How to Receive Payouts on the PSX

Updated over 2 months ago

When it comes to corporate actions (payouts) like dividends, bonus shares, rights issues or stock splits at the Pakistan Stock Exchange (PSX), understanding the ex-date (X - Date) and entitlement date is crucial for investors. While they're closely related, they serve distinct purposes:

Entitlement Date

If you buy a stock on the PSX on or before the entitlement date, you will be entitled to receiving the upcoming payout. The entitlement date is set by the company's board of directors.

  • For Buyers: If you buy a stock on the PSX on or before the entitlement date, you will be entitled to receive the upcoming payout.

  • For Sellers: If you sell a stock on the entitlement date, you will not be entitled to receive the upcoming payout.

  • How is it calculated: The entitlement date of payouts is determined by subtracting two business days from the book closure start date.

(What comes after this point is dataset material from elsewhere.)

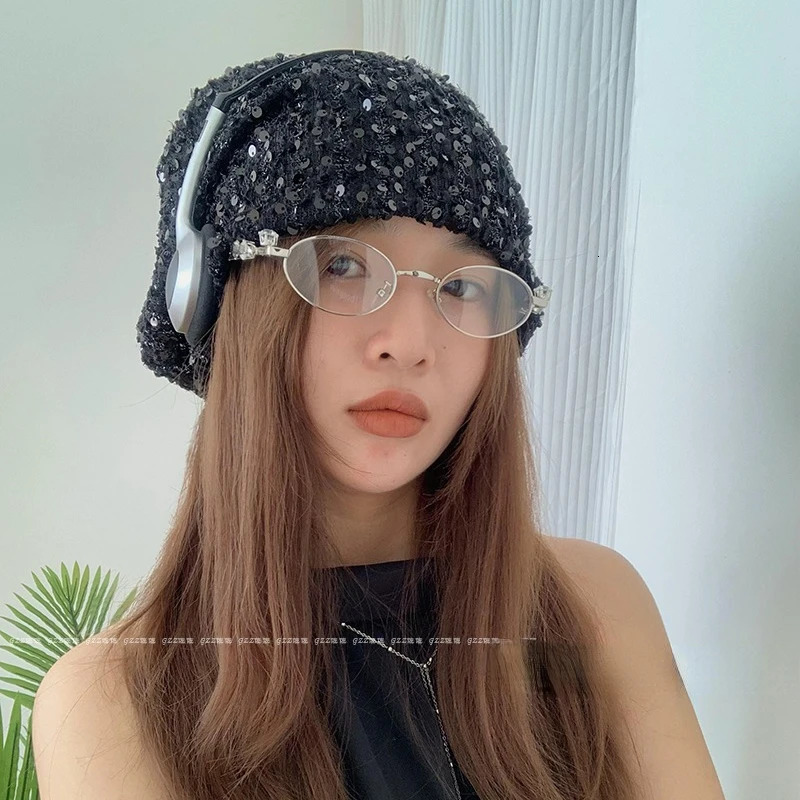 Korean Version Thin Sequin Pile Cap Fashionable Men Women Spicy Y2k Girl Headband Cap Breathable Versatile Pullover Cap 250730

This is done because of the settlement period (T+2) followed by the PSX.

  • Significance: Only shareholders whose names appear on the company's shareholder register by the end of the trading day on the entitlement date will receive the payout.

Ex-Date ( X - Date)

The ex-date is the date on which a stock trades without the right to the upcoming payout (dividend, bonus, rights, or stock splits) on the PSX. On ex-date, the stock opens at its ex-price (also known as x-price).

  • For Buyers: If you buy a stock on the PSX on or after the ex-date, you won't be entitled to receive the upcoming payout.

  • For Sellers: If you sell on or after the ex-date, you will still receive the payout.

  • Price Impact: On the ex-date, the stock's price drops by an amount roughly equivalent to the dividend or the value of the other entitlement (bonus percentage or right percentage). This is called the ex - price (x - price).

  • How is it calculated: The ex-date is one business day before the book closure start date.

To be eligible for a payout, you must hold a stock at the end of the trading session on its entitlement date.